_HOW TO COMPLETE THIS TASK_.
Omit any pictures, and restate word for word only the lines from the one with "Trailer chính thức" through the end of the data below.

_LISTED RECORDS_.
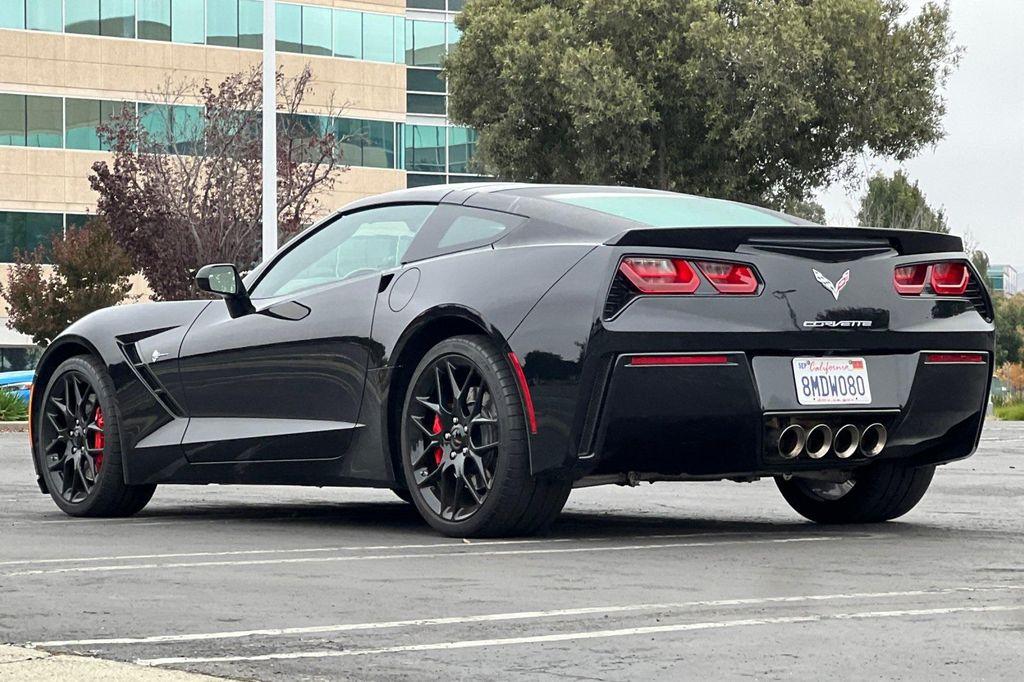 used 2019 Chevrolet Corvette car, priced at $51,798
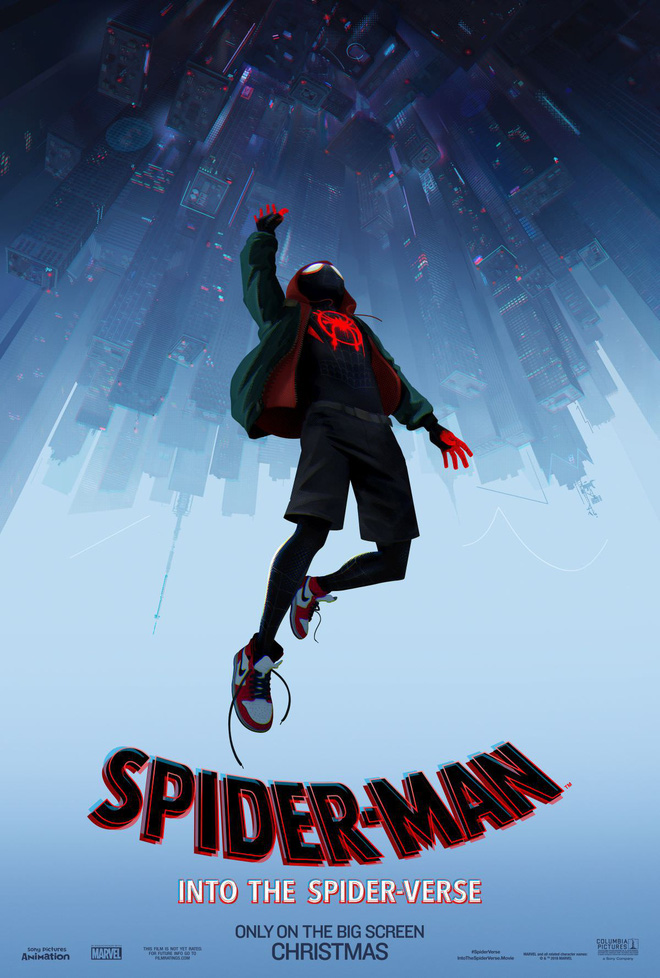 Trailer chính thức của "The Spider-Man: Into the Spider-Verse": Không thể tuyệt vời hơn với người yêu comics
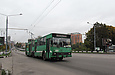 ROCAR-E217 #3023 2-го маршрута на проспекте Ленина возле перекрестка с улицей Минской
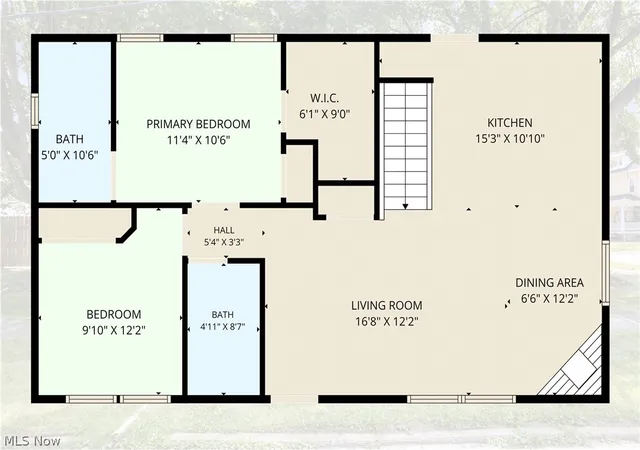 4th image of 202 E Paradise St, Orrville, OH 44667 | MLS# 5227968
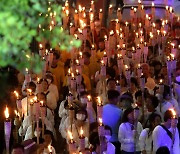 광주 충장축제 "불타오르네"..'추억'을 불사른다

_ANSWER TO THE EXERCISE_.
 Trailer chính thức của "The Spider-Man: Into the Spider-Verse": Không thể tuyệt vời hơn với người yêu comics
 ROCAR-E217 #3023 2-го маршрута на проспекте Ленина возле перекрестка с улицей Минской
 4th image of 202 E Paradise St, Orrville, OH 44667 | MLS# 5227968
 광주 충장축제 "불타오르네"..'추억'을 불사른다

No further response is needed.